- Task data -
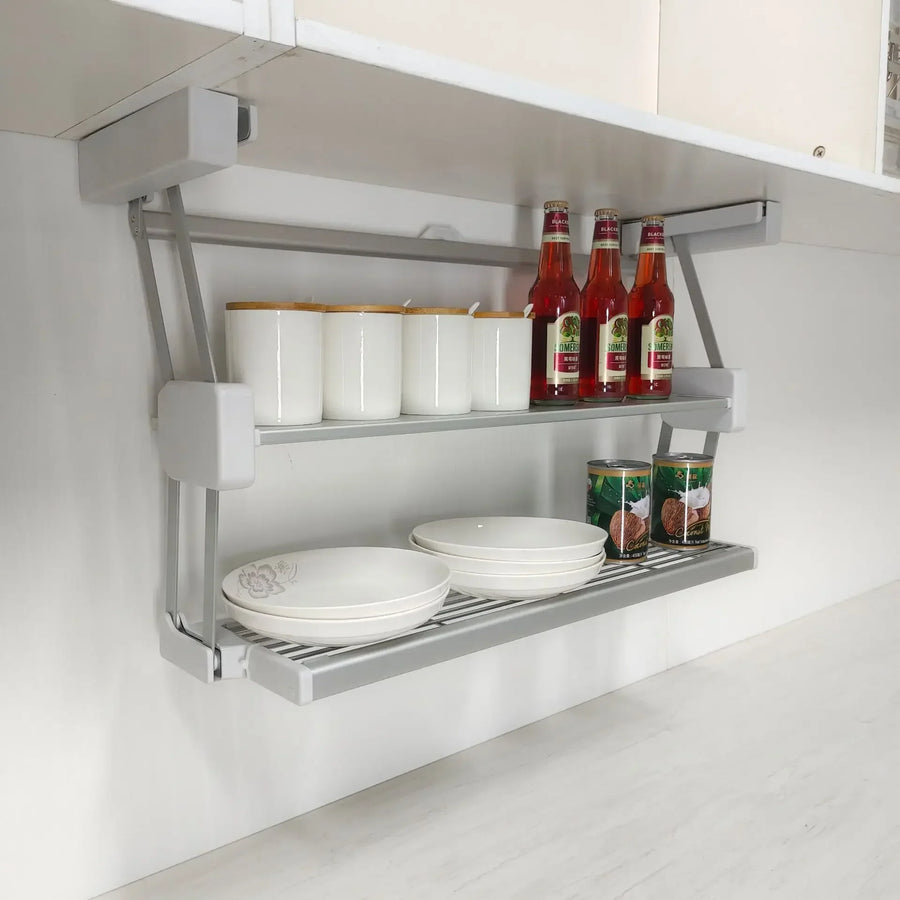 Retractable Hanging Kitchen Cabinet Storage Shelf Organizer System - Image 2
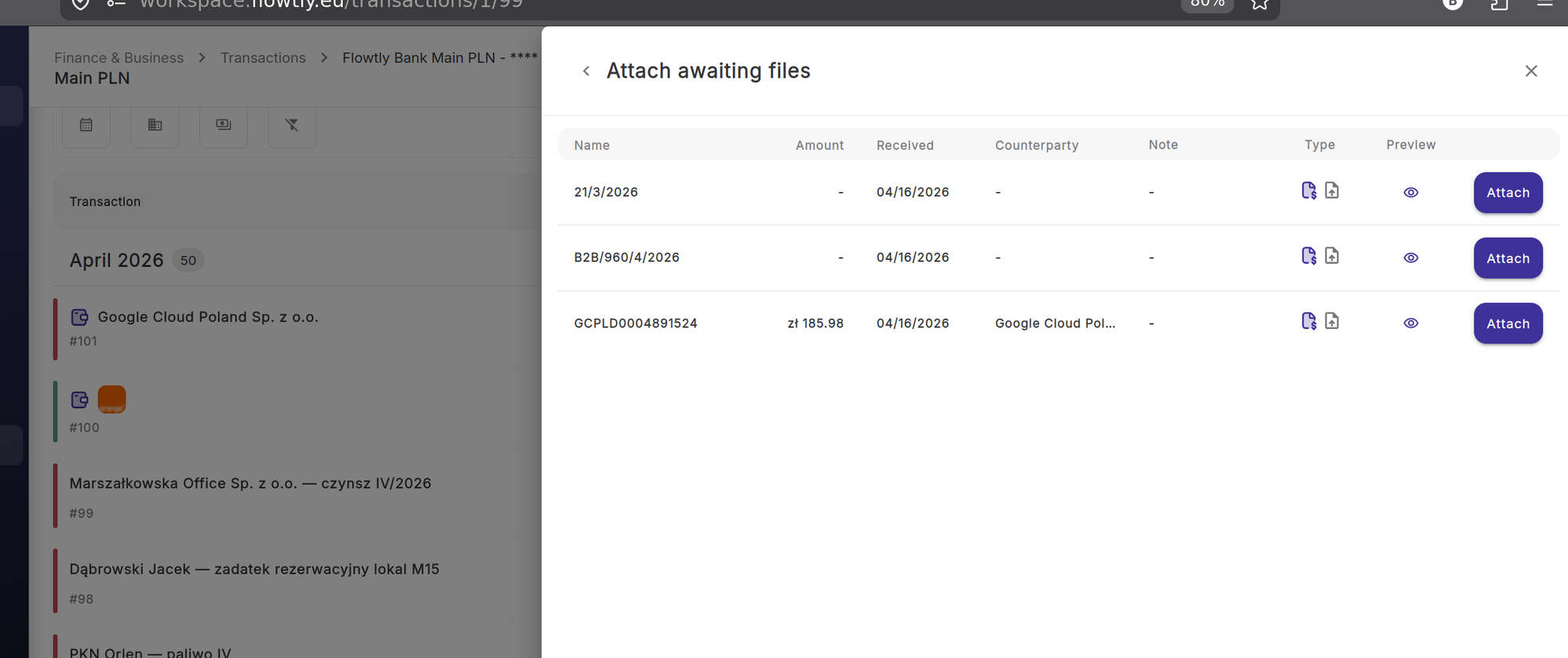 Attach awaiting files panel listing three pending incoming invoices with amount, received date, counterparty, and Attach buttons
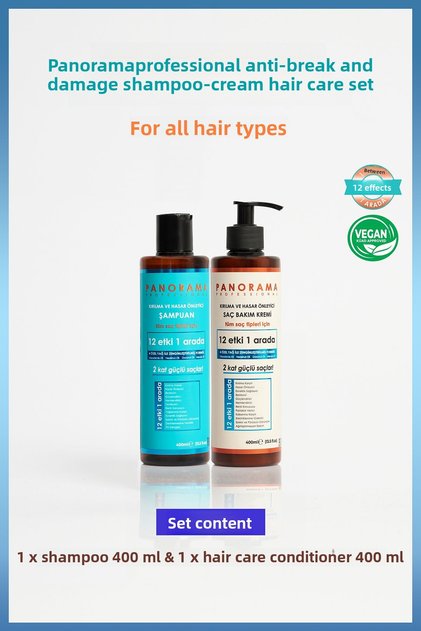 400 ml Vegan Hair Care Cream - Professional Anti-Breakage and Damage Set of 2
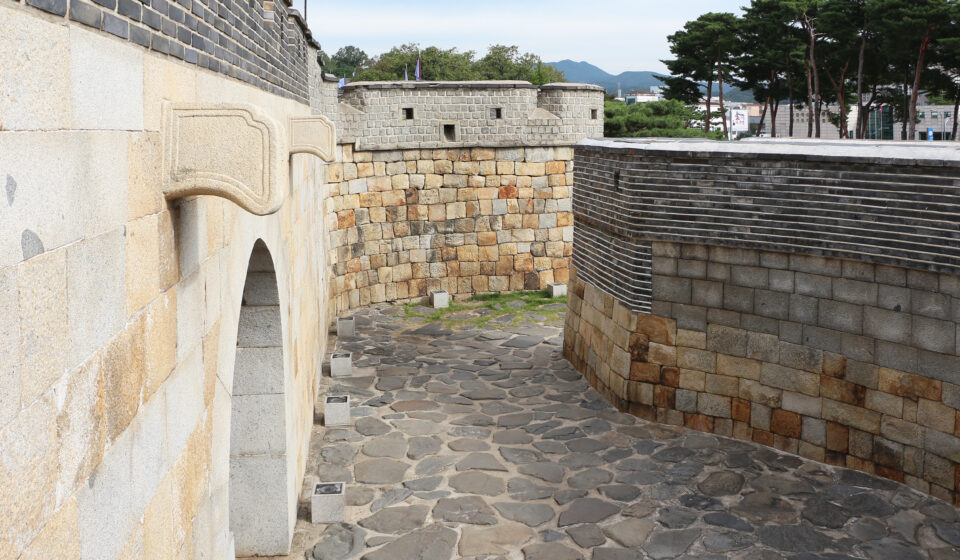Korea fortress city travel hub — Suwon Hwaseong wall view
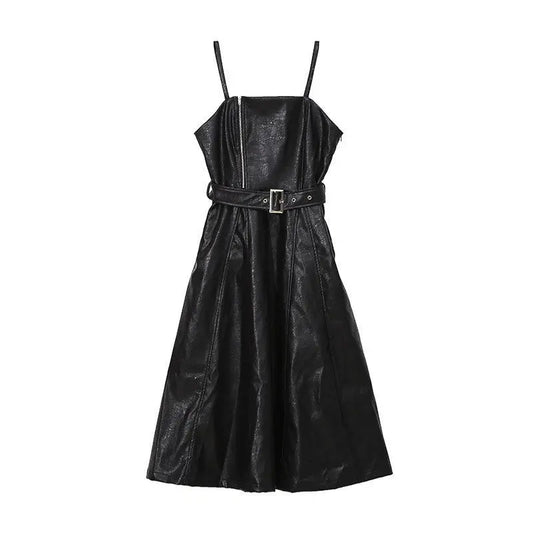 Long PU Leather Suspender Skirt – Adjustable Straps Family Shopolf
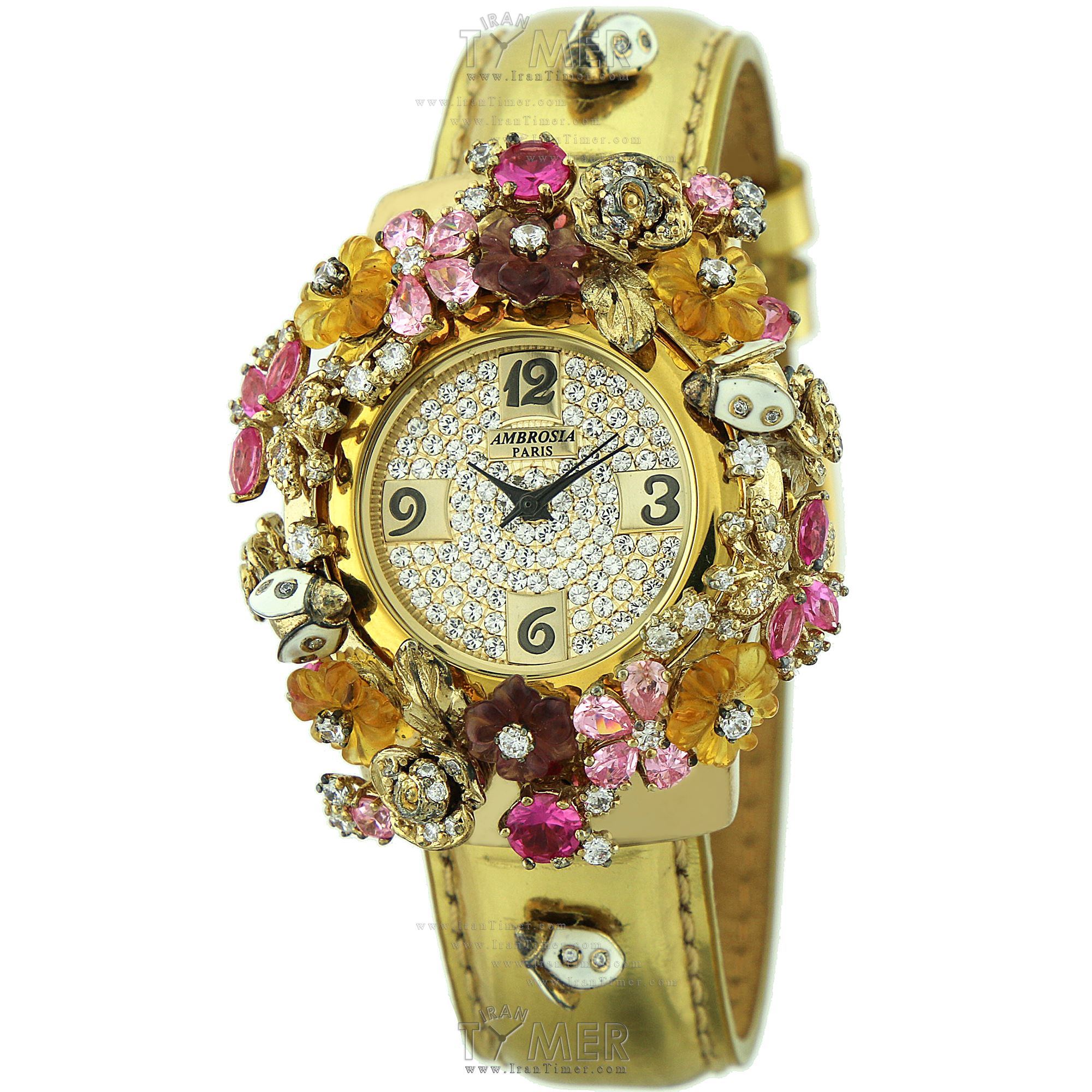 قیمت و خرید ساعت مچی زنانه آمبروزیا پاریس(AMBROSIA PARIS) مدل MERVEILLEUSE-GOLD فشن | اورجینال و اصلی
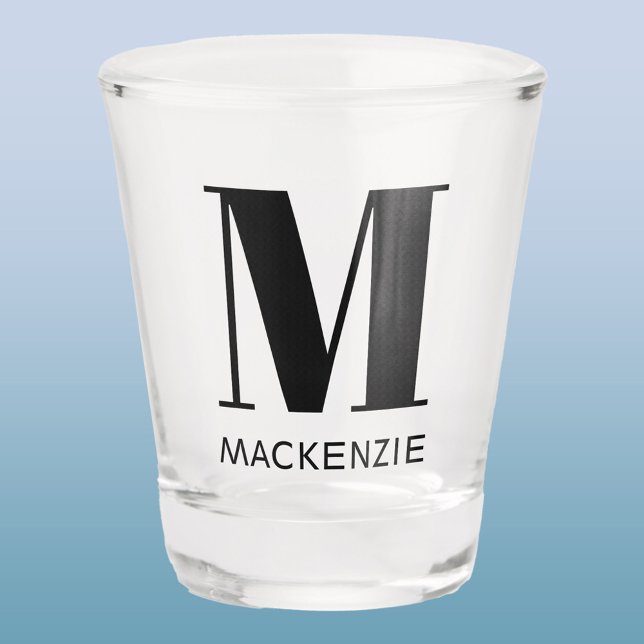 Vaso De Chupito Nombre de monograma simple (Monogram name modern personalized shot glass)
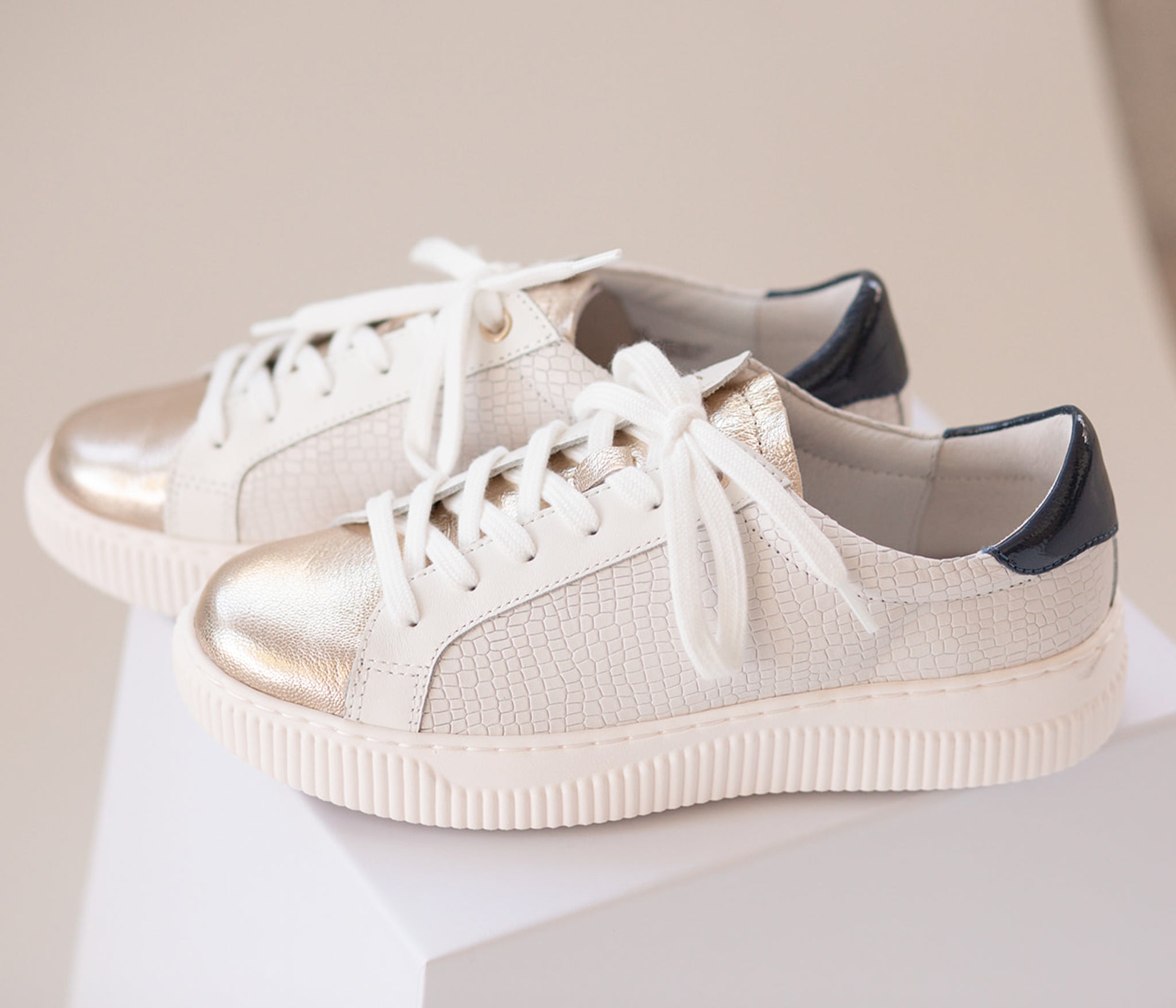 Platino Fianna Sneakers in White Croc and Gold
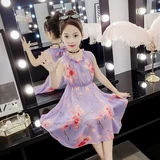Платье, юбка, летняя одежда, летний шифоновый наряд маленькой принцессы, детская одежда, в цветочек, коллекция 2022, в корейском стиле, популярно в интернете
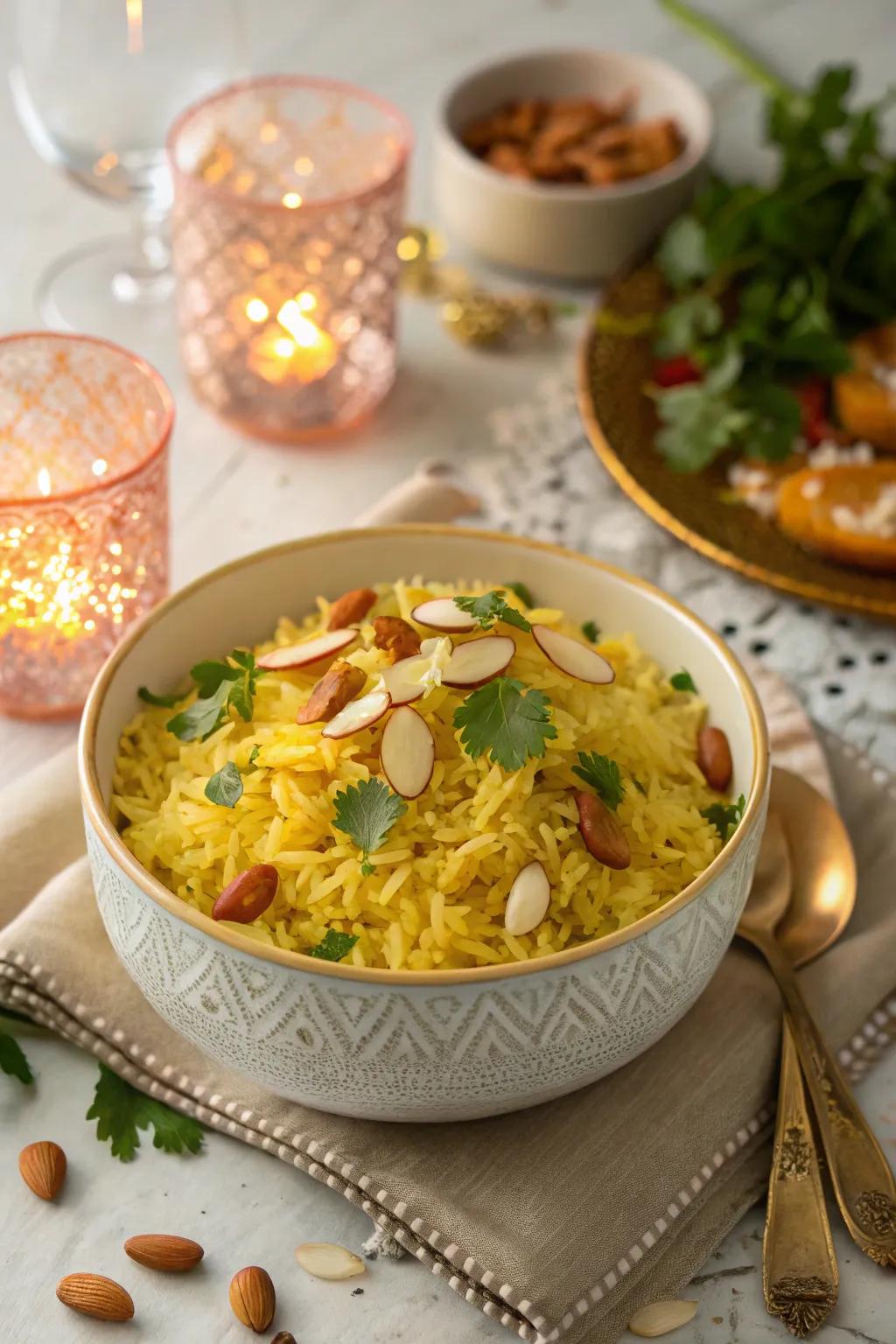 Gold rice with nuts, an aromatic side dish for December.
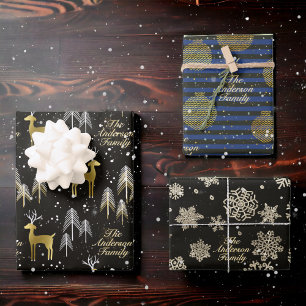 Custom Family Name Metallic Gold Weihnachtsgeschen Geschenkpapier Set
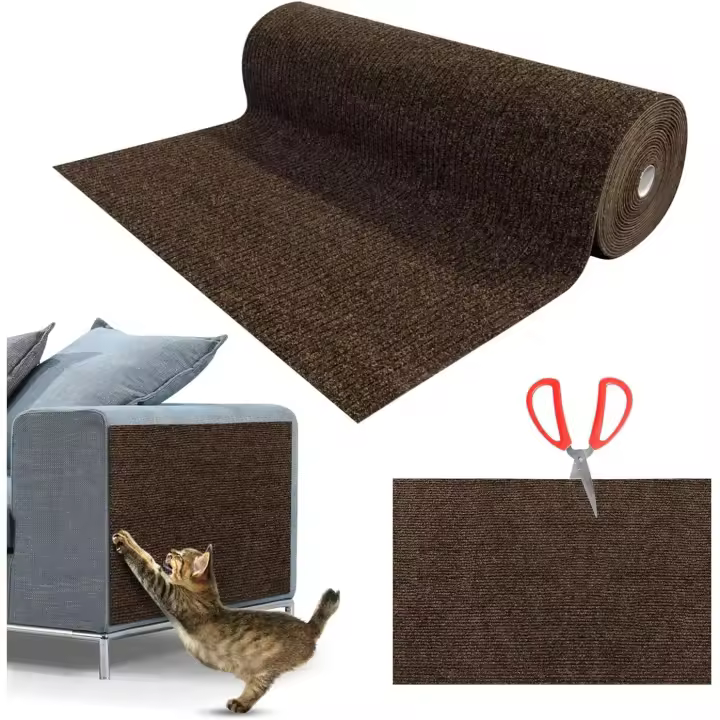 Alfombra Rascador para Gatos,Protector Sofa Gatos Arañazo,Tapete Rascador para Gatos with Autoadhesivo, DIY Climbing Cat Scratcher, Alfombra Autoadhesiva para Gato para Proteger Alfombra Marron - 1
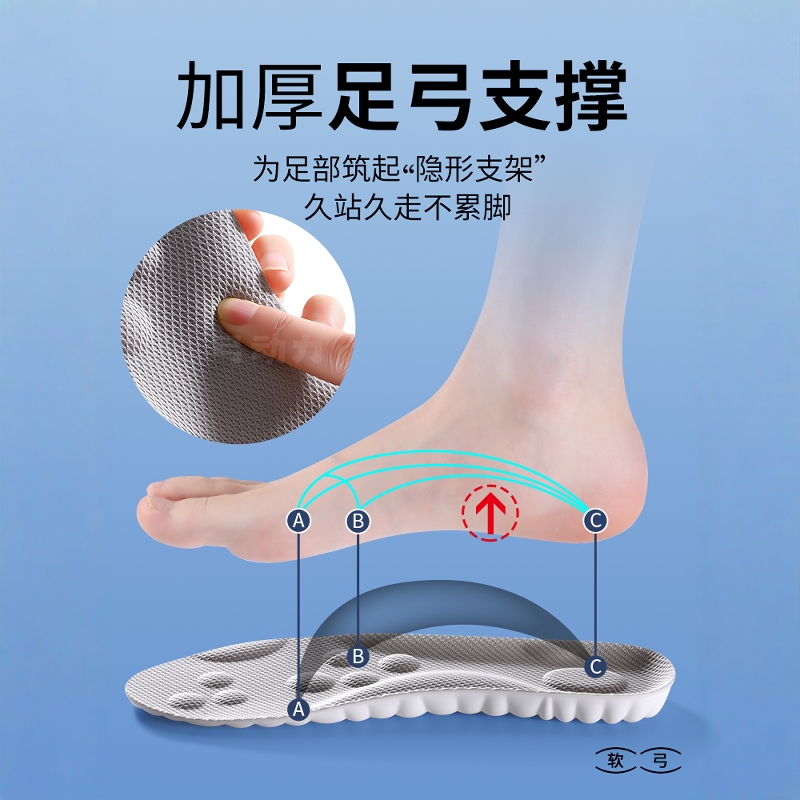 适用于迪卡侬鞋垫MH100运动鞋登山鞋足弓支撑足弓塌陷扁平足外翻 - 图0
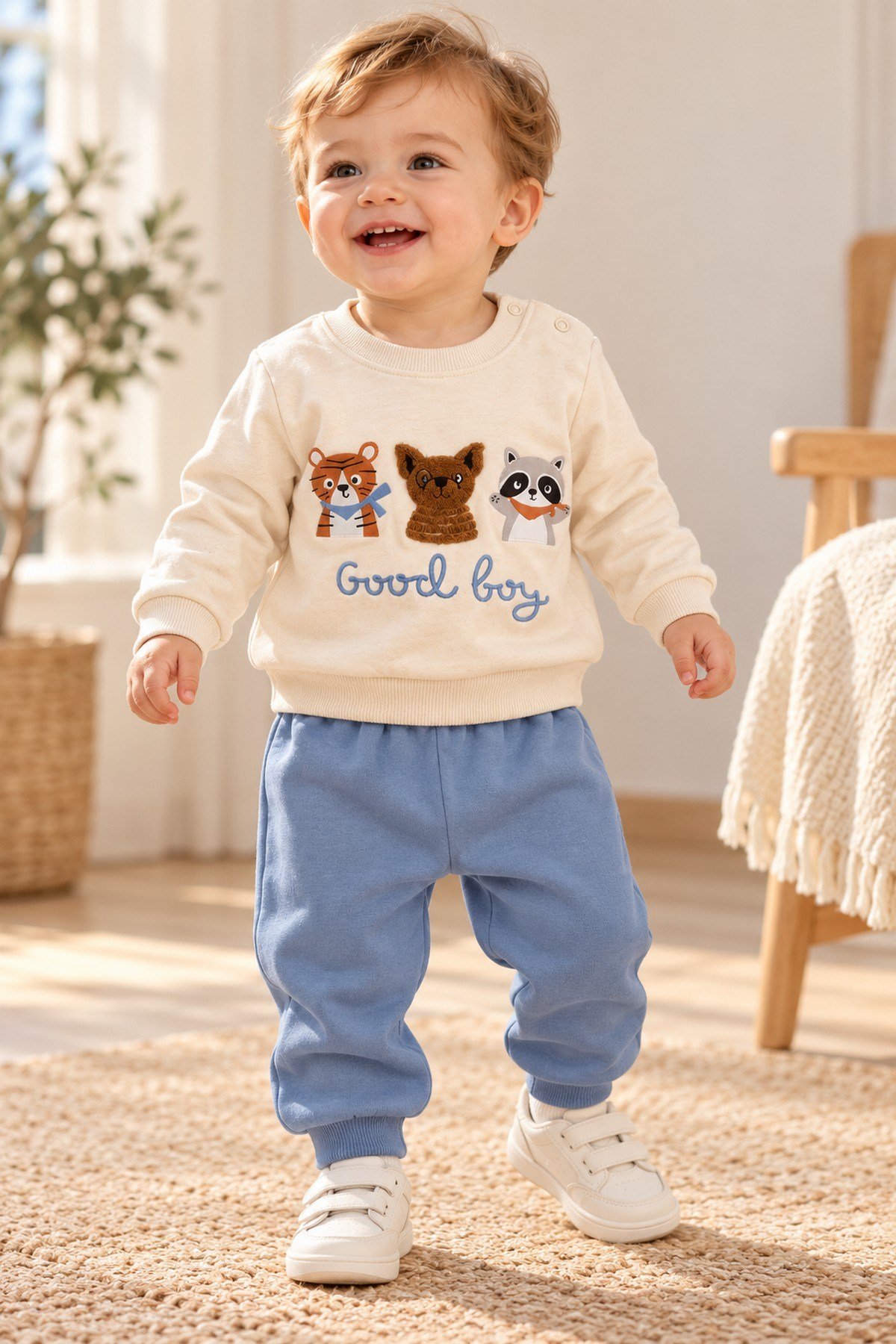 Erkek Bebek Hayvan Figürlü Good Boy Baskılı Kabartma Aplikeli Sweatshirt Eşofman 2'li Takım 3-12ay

- The problem -
All pictures are to be skipped; the lines from the first line of the records through the line containing "Платье, юбка, летняя" are to be repeated exactly, both ends included.

- Reply -
 Retractable Hanging Kitchen Cabinet Storage Shelf Organizer System - Image 2
 Attach awaiting files panel listing three pending incoming invoices with amount, received date, counterparty, and Attach buttons
 400 ml Vegan Hair Care Cream - Professional Anti-Breakage and Damage Set of 2
Korea fortress city travel hub — Suwon Hwaseong wall view
 Long PU Leather Suspender Skirt – Adjustable Straps Family Shopolf
 قیمت و خرید ساعت مچی زنانه آمبروزیا پاریس(AMBROSIA PARIS) مدل MERVEILLEUSE-GOLD فشن | اورجینال و اصلی
 Vaso De Chupito Nombre de monograma simple (Monogram name modern personalized shot glass)
 Platino Fianna Sneakers in White Croc and Gold
Платье, юбка, летняя одежда, летний шифоновый наряд маленькой принцессы, детская одежда, в цветочек, коллекция 2022, в корейском стиле, популярно в интернете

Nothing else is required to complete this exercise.